Example LREE interaction flow with a batch step

Figure 3 shows a sequence diagram for how the LREE drives a batch step. If there are multiple steps in the xJCL, the LREE drives this sequence for each step sequentially. Important: The LREE calls all methods in the diagram below under a global transaction context managed by the LREE.

Figure 3. Sequence diagram for how the LREE drives a batch step
Sequence diagram for how the LREE drives a batch step

For a larger version of Figure 3, click here.


Solving problems with Business Grid

In this section, we will solve two sample problems using Business Grid technology

Providing batch access to existing Enterprise Applications

Problem: Several types of applications (retirement modeling, student loan forecasting, etc.) access a financial calculator. This financial calculator application is their "kernel" application, which must be available to numerous other banking applications, including asynchronous batch-type applications that execute tasks such as calculating interest and credit scores.

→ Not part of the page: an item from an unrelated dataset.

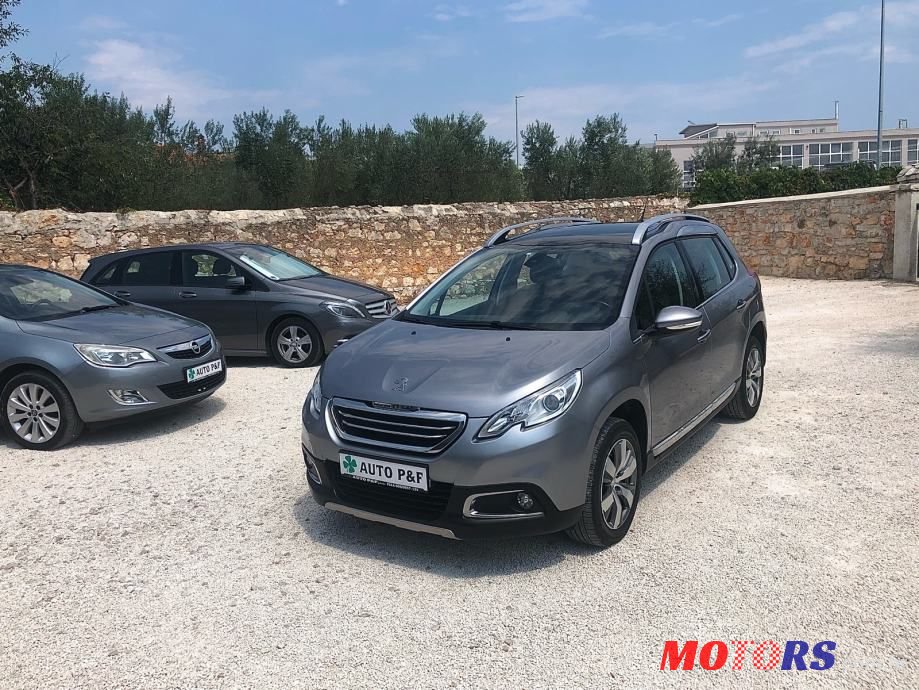 2013' Peugeot 2008 photo #2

The data that the financial calculator must process asynchronously resides in EBCDIC in an IMS database on the mainframe. This data must remain on the mainframe to take advantage of the robust security, high-availability, and scalability features of z/OS and WebSphere on z/OS. How do we asynchronously process this native data while reusing our financial calculator? Figure 4 shows a visual representation of the problem.

Figure 4. Problem: A financial calculator module needs to be re-used by multiple applications in an asynchronous manner
Problem: A financial calculator module needs to be re-used by multiple applications in an asynchronous manner

Solution: Invoke financial calculator business logic from a batch step and use Batch Data Streams to read native data sets with jZOS APIs. This is shown in Figure 5.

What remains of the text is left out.